My impulses aren’t always funny, though it has led to personally funny moments. Like once I bought a life size cardboard cut out of Matt Smith because I was really manic. But do you know how much money I could have saved, how much trouble I would be out of right now, if I could control those impulses? That’s not a joke.
I won’t lie, this blog just took an entirely different direction than my original intention, but I needed to get that little rant over before I could continue. It has taken me years of studying, and research, to get where I am today with my mental health. Years of personal growth, acceptance, and forgiveness (of myself and others) as well. The only reason I didn’t completely collapse under the mental pressure the other day was the familiarity of what was happening, and applying knowledge/techniques I’d learned. Even with the knowledge of what was happening and why (invasive thinking exasperated by OCD turning it into a mental compulsion, and the inability to complete the compulsion caused anxiety, fueling the compulsion), it was still terrifying.
As a teenager, I didn’t know what was happening, or why, I only knew that I needed to hurt so I could feel better. I will always carry the scars on my arms. With the knowledge I have, I was able to forgive teenage me. Teenage me as even more afraid than adult me. A lot of shame was just taken off my heart, a lot of pain was repaired.
And that’s why I felt better. That’s why I feel better than I have in years.

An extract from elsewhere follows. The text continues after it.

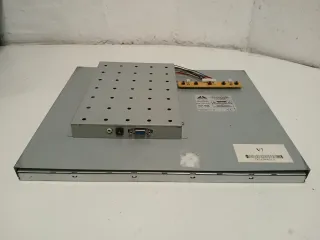 Monitor LCD 17" Cristaltec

Getting myself back where I need to be in order to function as an adult, a mother, is hard. But I finally feel like I’m back in the driving seat of my head and I can control the car. But just like operating a motor vehicle, I have to accept there are elements beyond my control, and sometimes I just have to hold on and hope for the best. But in the more turbulent parts, where I feel like I’m hydroplaning out of control, I just hope that I never touch the brakes.